The goal is to bring healthy, local and sustainable food, as well as food education, to Comox Valley Schools.
Coordinator Jenn Meilleur said students aren’t the only ones benefiting from the program.
“The beauty of this program is that it does help the kids in terms of improving nutrition and health and wellness, and bringing (a) more hands-on learning experiences to the school, but at the same time it also helps farmers by connecting them more closely with their local community and providing more economic opportunities, as well.”
Farm to School is a relatively new approach in Canada and the valley.
Farm to Cafeteria Canada (F2CC) and the Social Planning and Research Council (SPARC) of British Columbia developed the position to help valley students access good nutrition.
Locally, school salad bars and food programs such as Breakfast Clubs have been the primary focus.
Some schools are working together while other initiatives are run independently.
Meilleur said everyone is excited about the program.
“We get to bring together a pretty broad group of people from across the Comox Valley together to work on it, so there’s a lot of passion and excitement,” she said.
She said at the district level, the program ties in really nicely to the strategic priorities that it has laid out.
“They have a really beautiful sustainability plan and there’s actually a ton already happening at many schools throughout the Comox Valley so we’re really building on a growing momentum.”
On Feb. 19, Meilleur and Lush Valley executive director Maurita Prato brought together key stakeholders who the district says, “have been instrumental in growing a healthy food program in some district schools.”
Participants discussed what that framework could look like and then mapped out the primary focus for a local food program.
“We covered a lot of ground and I think that we have a really inspiring vision and some good momentum building in a few key areas.
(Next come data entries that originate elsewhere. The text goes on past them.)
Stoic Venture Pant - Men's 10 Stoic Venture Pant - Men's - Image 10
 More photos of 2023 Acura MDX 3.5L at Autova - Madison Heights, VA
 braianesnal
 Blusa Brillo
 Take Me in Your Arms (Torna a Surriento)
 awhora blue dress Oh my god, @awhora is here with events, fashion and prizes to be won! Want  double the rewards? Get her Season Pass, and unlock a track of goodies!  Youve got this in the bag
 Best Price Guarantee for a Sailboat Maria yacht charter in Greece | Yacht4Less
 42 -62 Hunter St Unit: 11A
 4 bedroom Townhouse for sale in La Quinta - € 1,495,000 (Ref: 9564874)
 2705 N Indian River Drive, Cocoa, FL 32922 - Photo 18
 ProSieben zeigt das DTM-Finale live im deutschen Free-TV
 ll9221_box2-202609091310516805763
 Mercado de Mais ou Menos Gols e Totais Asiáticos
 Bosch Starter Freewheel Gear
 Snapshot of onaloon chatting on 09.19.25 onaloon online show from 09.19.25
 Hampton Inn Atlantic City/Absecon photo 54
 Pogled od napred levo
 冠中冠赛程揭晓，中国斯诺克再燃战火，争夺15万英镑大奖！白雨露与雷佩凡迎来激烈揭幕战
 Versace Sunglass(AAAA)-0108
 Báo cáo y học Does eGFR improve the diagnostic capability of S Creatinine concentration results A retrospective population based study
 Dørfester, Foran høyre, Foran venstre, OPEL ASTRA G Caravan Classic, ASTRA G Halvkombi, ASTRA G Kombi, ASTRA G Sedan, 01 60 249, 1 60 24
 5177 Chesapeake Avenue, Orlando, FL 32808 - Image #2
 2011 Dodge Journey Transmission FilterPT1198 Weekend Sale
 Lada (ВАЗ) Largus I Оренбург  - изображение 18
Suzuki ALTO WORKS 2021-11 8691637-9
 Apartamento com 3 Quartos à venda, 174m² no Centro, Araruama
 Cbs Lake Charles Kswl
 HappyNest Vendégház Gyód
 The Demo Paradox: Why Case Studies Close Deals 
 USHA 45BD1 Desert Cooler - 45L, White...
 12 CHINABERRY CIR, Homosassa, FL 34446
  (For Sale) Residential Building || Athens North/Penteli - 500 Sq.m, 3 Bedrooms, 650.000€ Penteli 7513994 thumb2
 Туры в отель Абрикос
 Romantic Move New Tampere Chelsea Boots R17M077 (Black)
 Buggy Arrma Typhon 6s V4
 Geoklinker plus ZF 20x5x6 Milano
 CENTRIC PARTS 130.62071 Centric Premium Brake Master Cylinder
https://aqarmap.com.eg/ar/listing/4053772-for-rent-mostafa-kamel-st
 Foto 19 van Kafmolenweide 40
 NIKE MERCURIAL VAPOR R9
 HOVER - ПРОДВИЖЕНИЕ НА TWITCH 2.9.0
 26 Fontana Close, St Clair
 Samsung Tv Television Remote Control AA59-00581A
I am proud of what this group created and very excited about our next steps,” Meilleur said.
“We do this work with a focus on sustainability, social justice and a collective action toward reconciliation. We are part of the global climate action movement.”
In the coming weeks, Meilleur will be creating a report about the Feb. 19 meeting, to share with participants and those interested in being involved and supporting the Comox Valley Farm to School movement.